Book Collecting

Edward Gorey

A large influence on the works of artists like Tim Burton, Edward Gorey (1925-2000) became an iconic figure of the Goth subculture. Born and raised in Chicago, Gorey studied art for only one semester at the School of the Art Institute of Chicago in 1943 and then attended Harvard University from 1946 to 1950. In 1953, Gorey moved to New York City and landed a job in the art department of publisher Doubleday, illustrating book covers, and in some cases, adding illustrations to the text. In his eight years with Doubleday, Gorey illustrated works as diverse as Bram Stoker’s Dracula, H.G. Wells’ The War of the Worlds, and T.S. Eliot’s Old Possum’s Book of Practical Cats.

Within his first year in New York, Gorey published his first independent work, Unstrung Harp (1953), a tongue-in-cheek study of a gloomy Edwardian novelist struggling with “the unspeakable horror of the literary life.” In his first children’s book, The Doubtful Guest (1957), a furry, mournful, and inexplicable creature in a scarf and white tennis shoes appears in a Victorian family’s house, performing strange and unsettling acts. Indeed, by the early 1960s, Gorey had a distinct tone, dark but humorous in a world of oddities. His drawings, usually of ghoulish, beady-eyed characters, often depicted macabre situations or settings, but with comedic undertones.
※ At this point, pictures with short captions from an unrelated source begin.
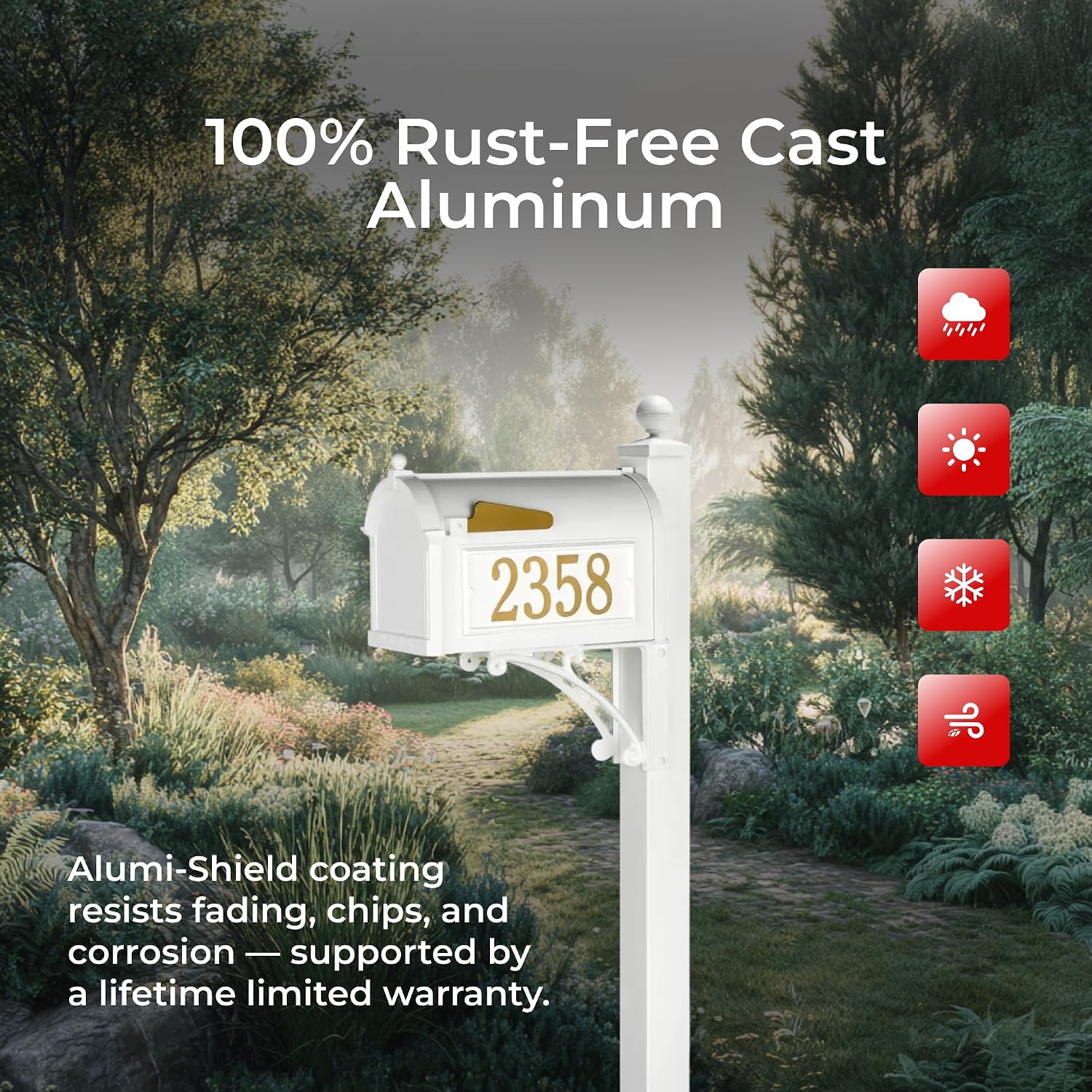 Custom Address Mailbox with Post in White Whitehall Deluxe Streetside Mailbox Personalized Plaques Weather-Resistant Cast Aluminum Design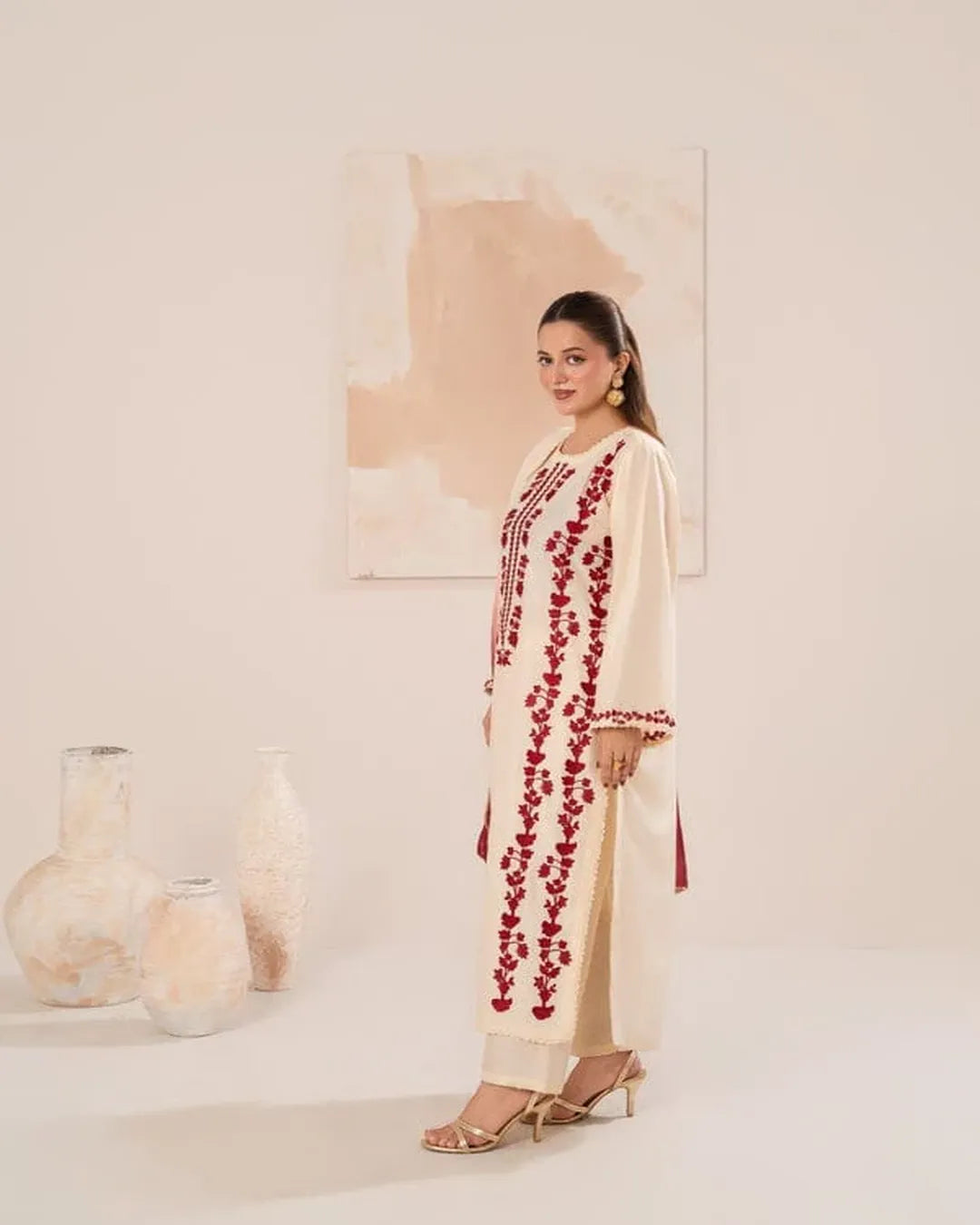 Dhanak 3PC Heavy Embroidered Design D001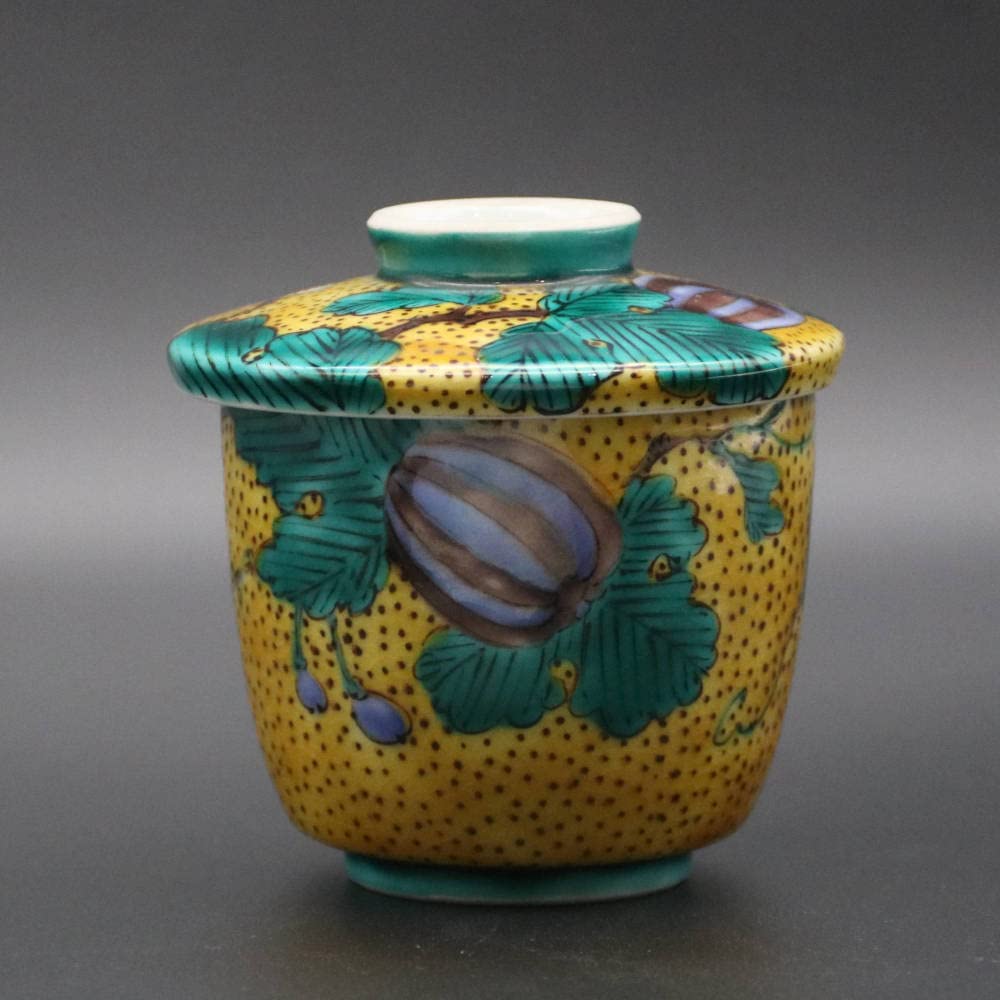 茶道具　九谷焼　香合　三ツ井為吉　吉田屋色絵扇面 Amazon｜三ツ井為吉 九谷焼 茶碗蒸し器 吉田屋からす瓜｜蒸し器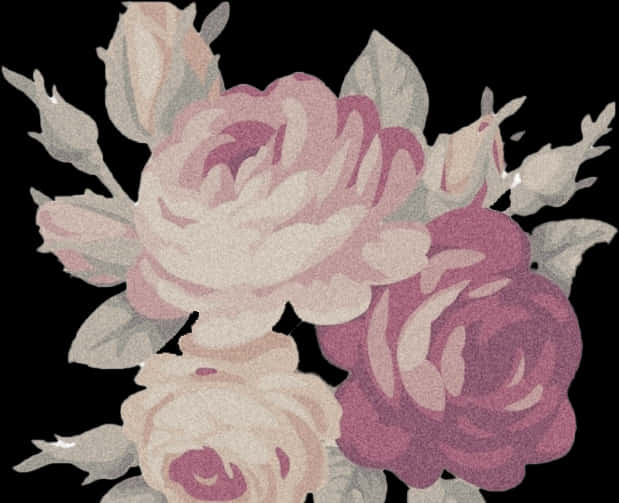 Vintage Floral Design Texture PNG Image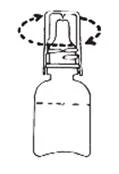 A bottle with a cap that must be turned clockwise to open, with the direction of rotation indicated by a dashed arrow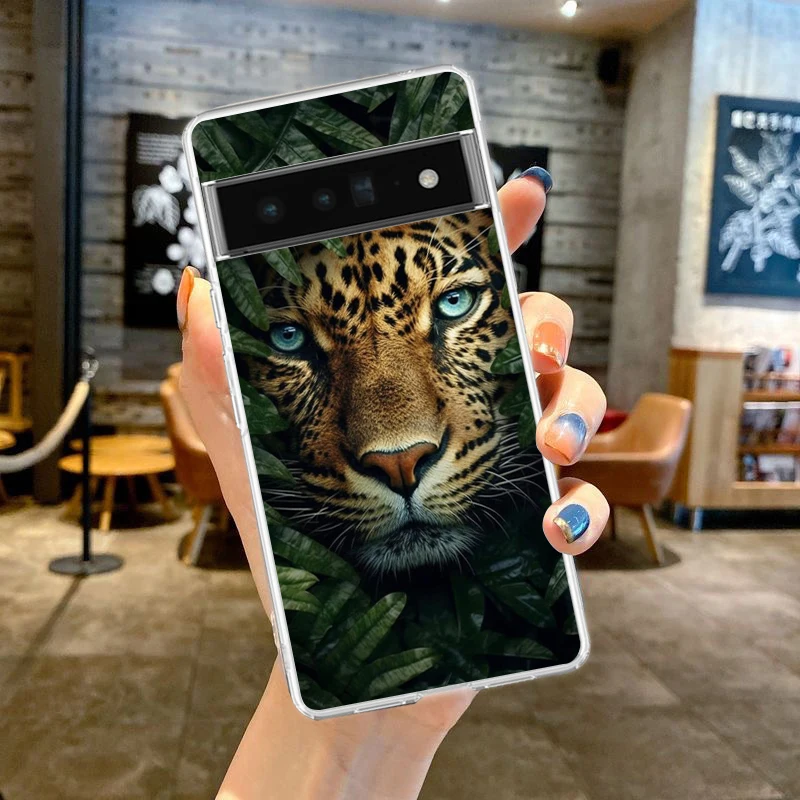 Handy hülle mit Leoparden muster für Google Pixel 8 7 6 5 4 4xl stoß festes Silikon 7a 6a 5a 4a 3a 3axlpro 5g transparente Hülle – Detail 6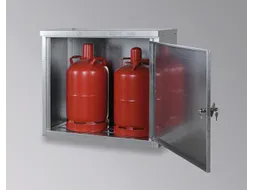 gasflessenkast,v. 2x11kg fles,HxBxD 750x860x400mm,m. dak,vleugeldeur
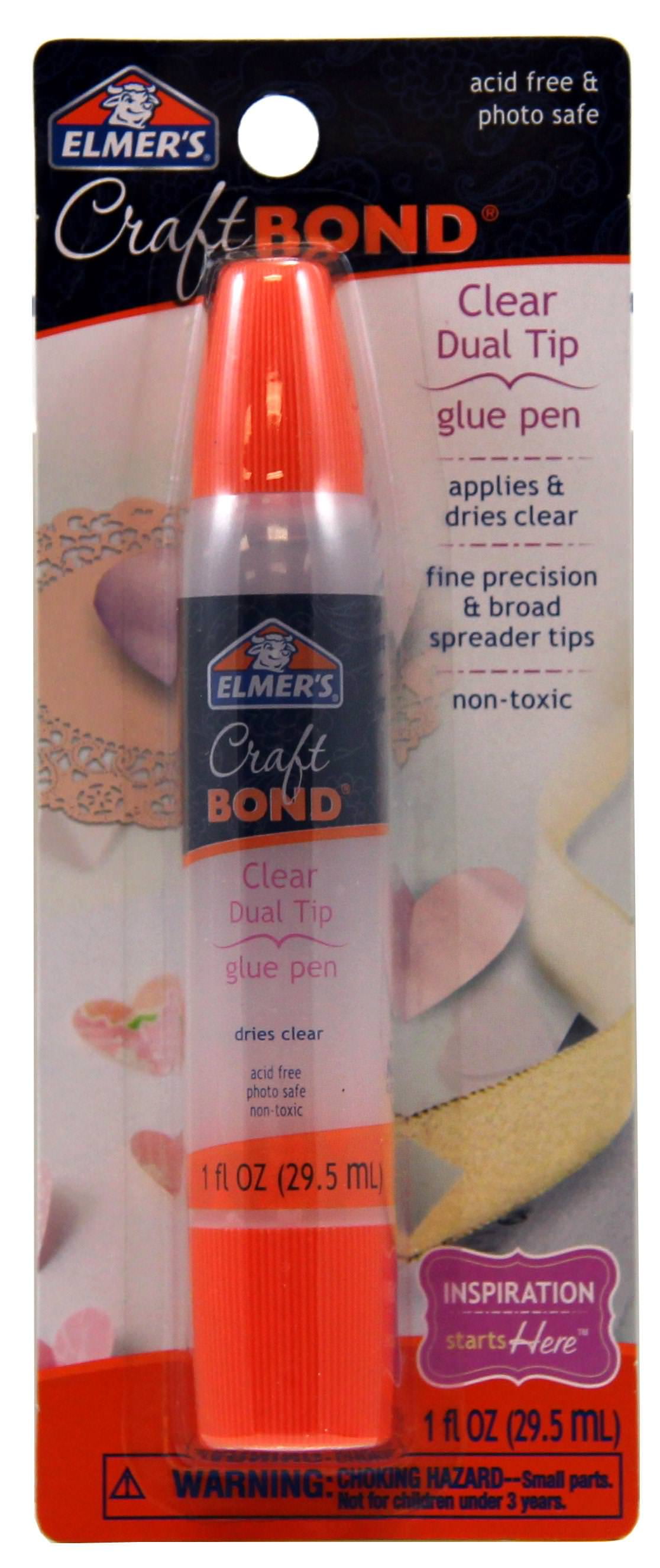 Elmer's Clear Dual Tip Glue Pen, 1 Count, 1 oz.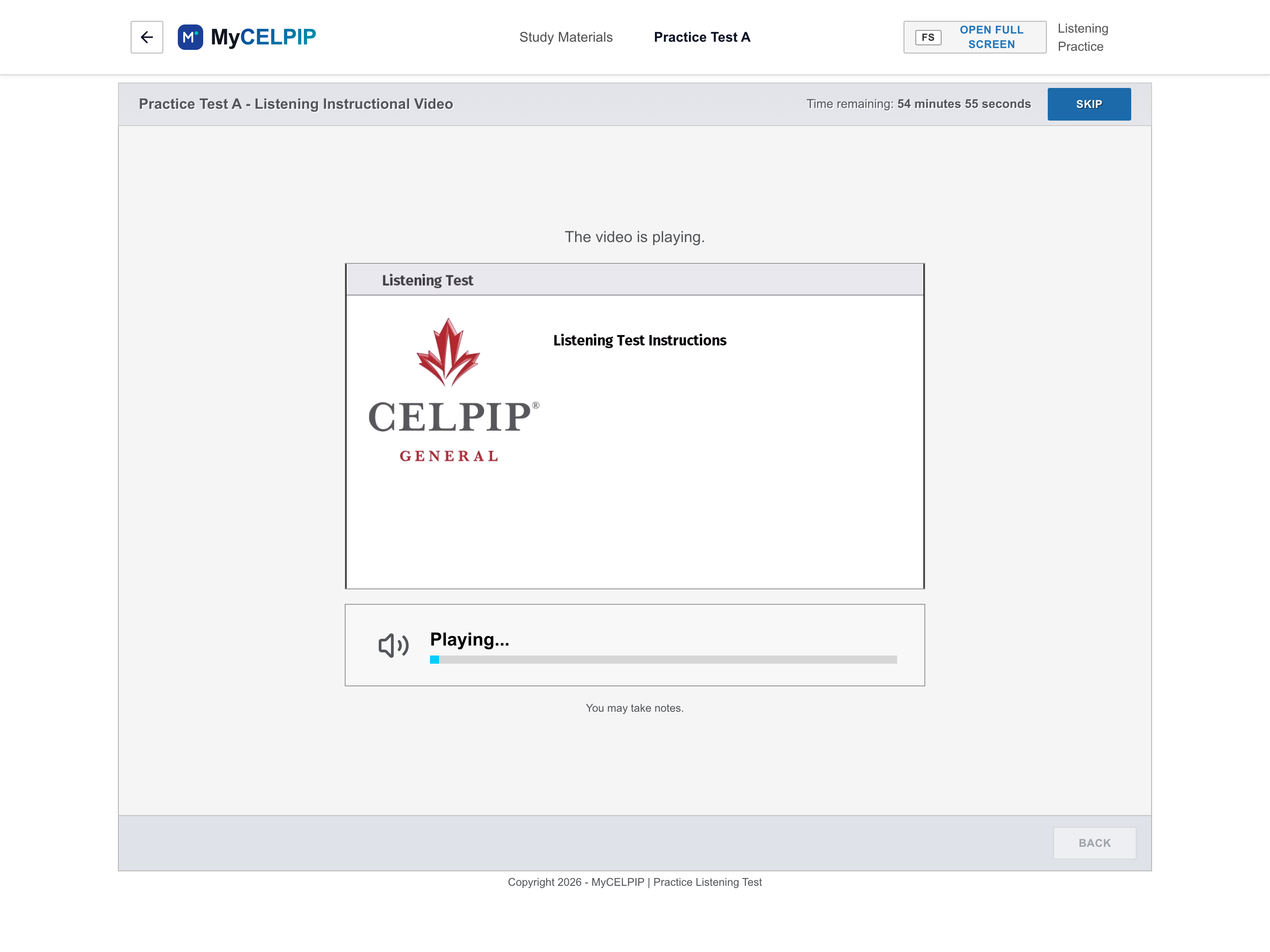 MyCELPIP Listening test introduction screen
The Gashlycrumb Tinies (1963), an abecedarian book, is perhaps Gorey’s most famous work. Published in ten languages other than English, The Gashlycrumb Tinies tells the story of 26 ill-fated children and their untimely death in rhyming couplets with black and white crosshatched illustrations: “A is for Amy who fell down the stairs; B is for Basil assaulted by bears?” Later works of note include The Raging Tide: or, The Black Doll’s Imbroglio (1987), with absurdist images of squabbling surreal creatures, and The Haunted Tea-Cosy (1997), featuring an enormous beetle who announces itself as the Bahhum Bug. Gorey also became well-known through his animated introduction to the 1980 PBS series Mystery! as well as his designs for the 1977 Broadway production of Dracula, for which he won a Tony Award for Best Costume Design.

In 2000, Edward Gorey died at the age of 75 from a heart attack. He had published more than 100 independent works and illustrated some 60 others. Gorey often published under pen names that were anagrams of his first and last names: Ogdred Weary’s The Curious Sofa (1961), Ms. Regera Dowdy’s The Pious Infant (1966), and E.G. Deadworry’s The Awdrey-Gore Legacy (1972) - Gorey’s Agatha Christie homage, or rather an illustrated comic tool kit for assembling a Christie-style plot. The Evil Garden (1966) was published under the pseudonym Eduard Blutig (“Edward Gory”), a German language pun on his own name. Though many of Gorey’s works were published obscurely and are difficult to find (and priced accordingly), more than 50 of his books are collected in four omnibus volumes: Amphigorey (1972), Amphigorey Too (1975), Amphigorey Also (1983), and Amphigorey Again (2006). In the Gorey fashion, the titles of these editions compose a play on the word amphigory, which means a nonsense verse or composition.